[PROVIDED INFORMATION Boundary: Start]

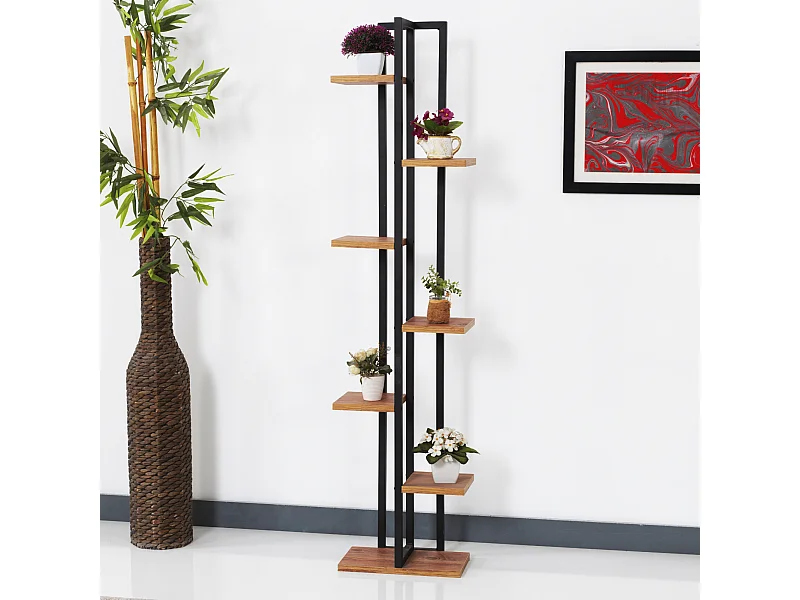 Support de plantes Somero à 6 niveaux 150 x 34 x 21 cm effet noyer / noir [en.casa]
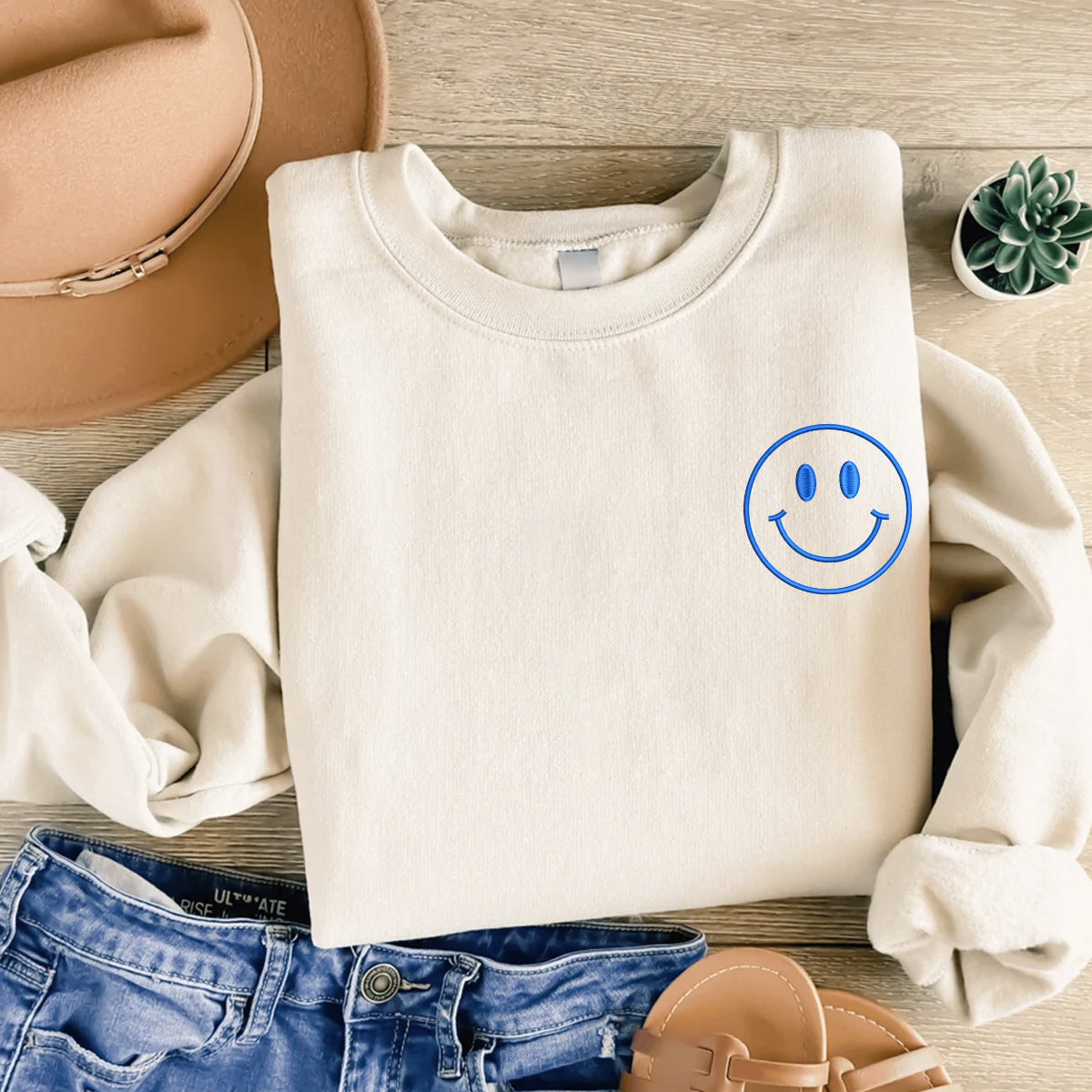 Embroidered Happy Face Comfort Colors Shirt, Custom Happy Face Shirt, Smile Shirt, Retro Happy T-Shirt, Embroidered Shirt, Custom Shirt il_794xN.7067258198_lh44_4391636b-1063-4eb0-9743-006458494910.jpg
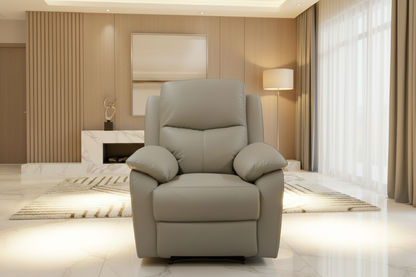 LANCY PREMIUM LEATHER SINGLE SEATER RECLINER ARMCHAIR WHEAT - MyChocolateWood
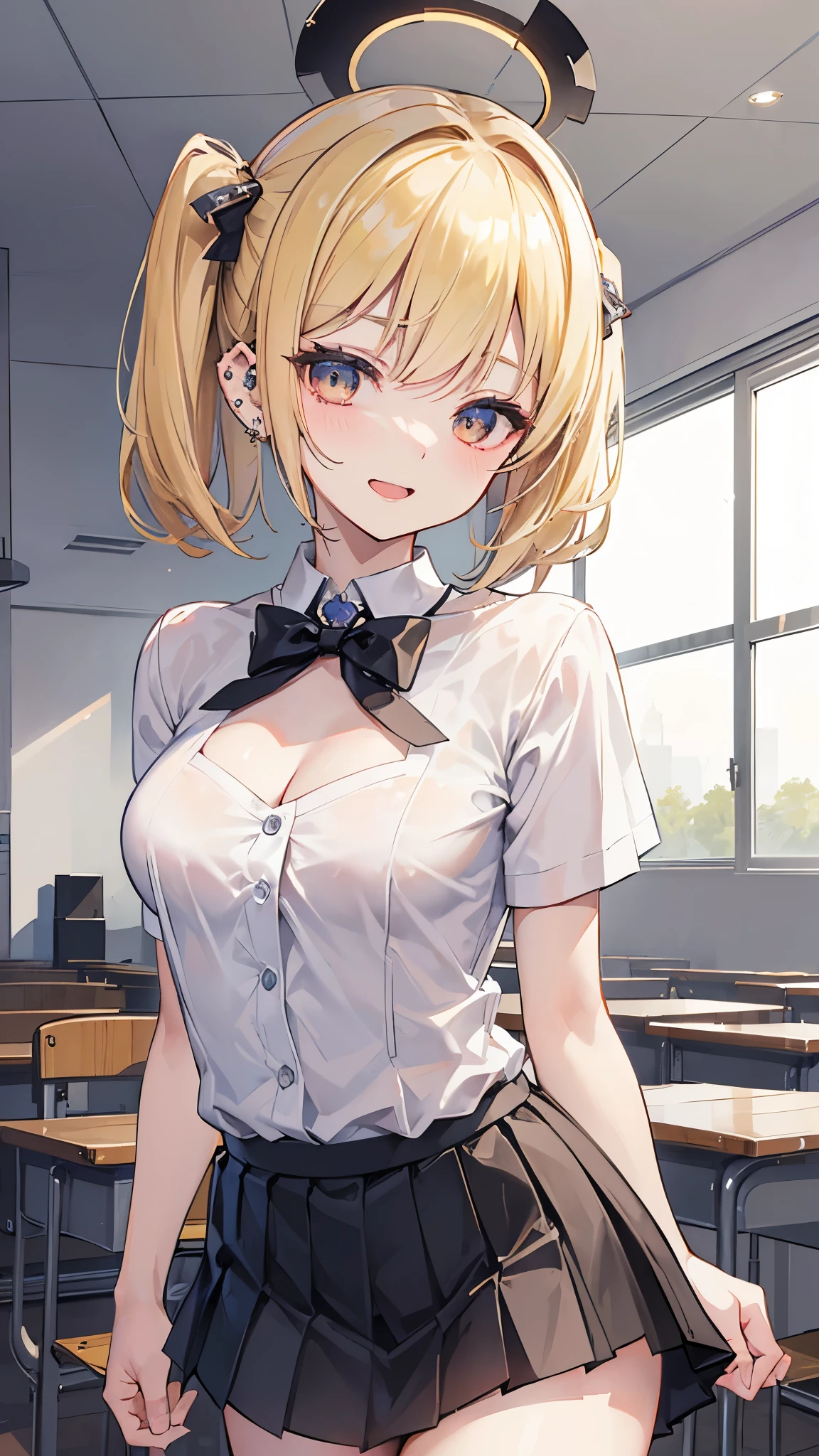 blonde, short hair, girl１, in the School classroom, (upper body), completely nude, (small nipples:1.2), (small areolas:1.2), kawaii, cute, 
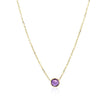 14k Yellow Gold 17 inch Necklace with Round Amethyst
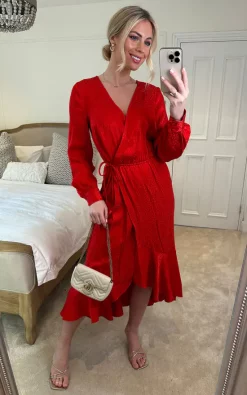 Long Sleeve Wrap Midaxi In Red Animal Jacquard With Ruffle Hem 9 Long Sleeve Wrap Midaxi In Red Animal Jacquard With Ruffle Hem -UK Skirt Sales 2023 2023 02 01 Sasha Nikka14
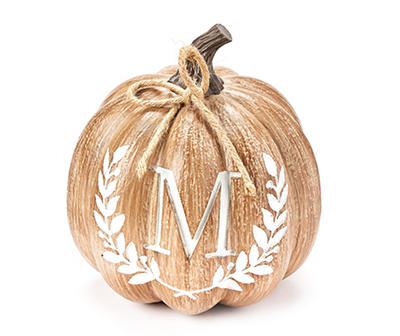 "M" Monogram Wood-Look Resin Pumpkin
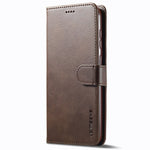 LC.IMEEKE For Samsung Galaxy S24+ Case Calf Texture Leather Stand Phone Protective Cover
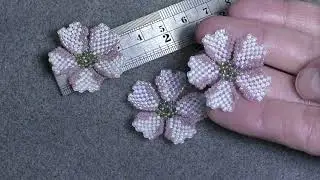 Tutorial: Sakura / Cherry Blossom Beaded Flower Brick \Stitch. Цветок черешни/ сакуры.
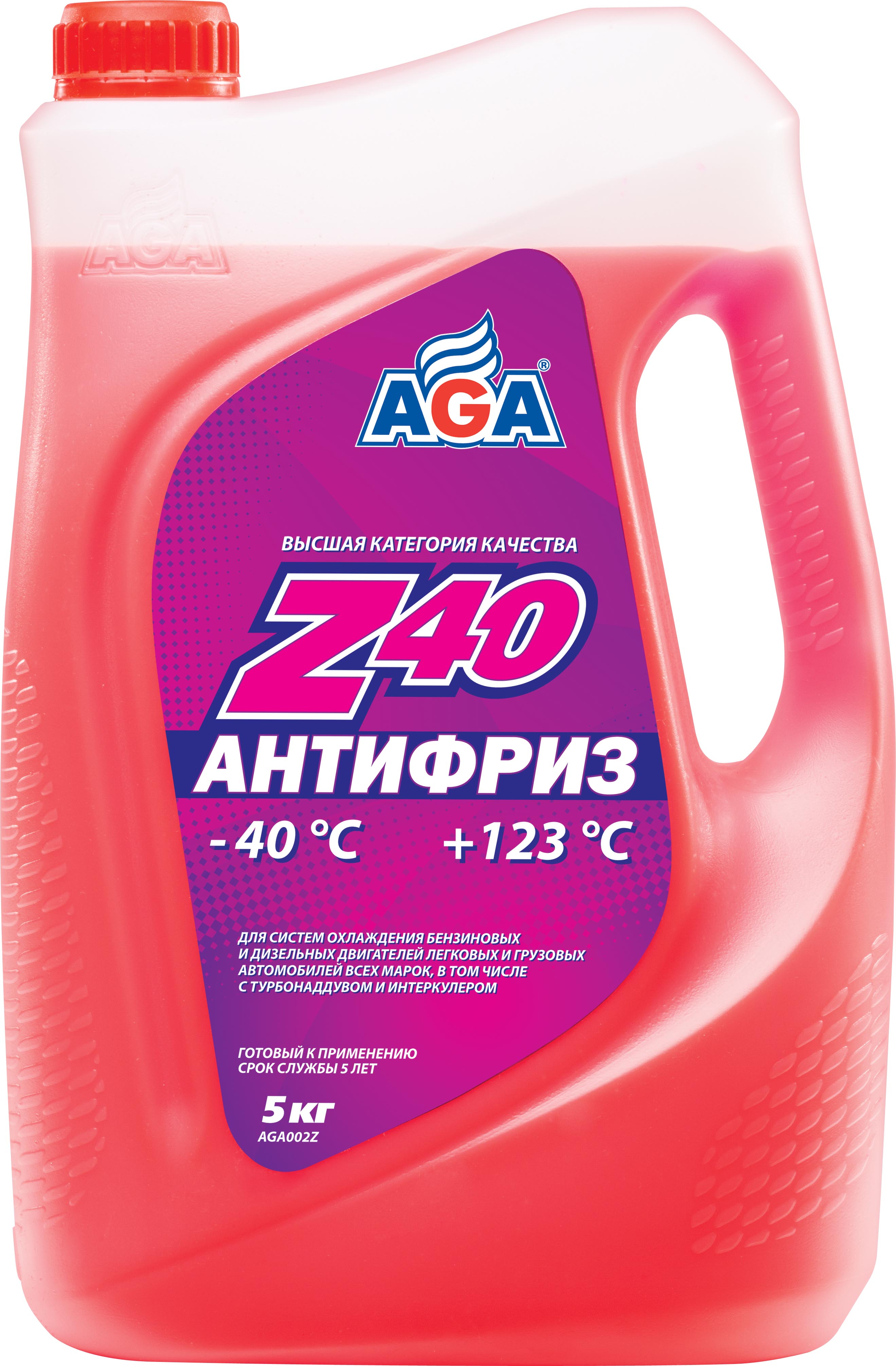 Антифриз AGA красный -40С/+123С, 5 л, готовый от магазина А-маркет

[PROVIDED INFORMATION Boundary: End]

Omit all images when repeating the data above exactly.

EXERCISE OUTPUT -
 Support de plantes Somero à 6 niveaux 150 x 34 x 21 cm effet noyer / noir [en.casa]
 Embroidered Happy Face Comfort Colors Shirt, Custom Happy Face Shirt, Smile Shirt, Retro Happy T-Shirt, Embroidered Shirt, Custom Shirt il_794xN.7067258198_lh44_4391636b-1063-4eb0-9743-006458494910.jpg
 LANCY PREMIUM LEATHER SINGLE SEATER RECLINER ARMCHAIR WHEAT - MyChocolateWood
 blonde, short hair, girl１, in the School classroom, (upper body), completely nude, (small nipples:1.2), (small areolas:1.2), kawaii, cute, 
 14k Yellow Gold 17 inch Necklace with Round Amethyst
 Long Sleeve Wrap Midaxi In Red Animal Jacquard With Ruffle Hem 9 Long Sleeve Wrap Midaxi In Red Animal Jacquard With Ruffle Hem -UK Skirt Sales 2023 2023 02 01 Sasha Nikka14
 "M" Monogram Wood-Look Resin Pumpkin
 LC.IMEEKE For Samsung Galaxy S24+ Case Calf Texture Leather Stand Phone Protective Cover
 Tutorial: Sakura / Cherry Blossom Beaded Flower Brick \Stitch. Цветок черешни/ сакуры.
 Антифриз AGA красный -40С/+123С, 5 л, готовый от магазина А-маркет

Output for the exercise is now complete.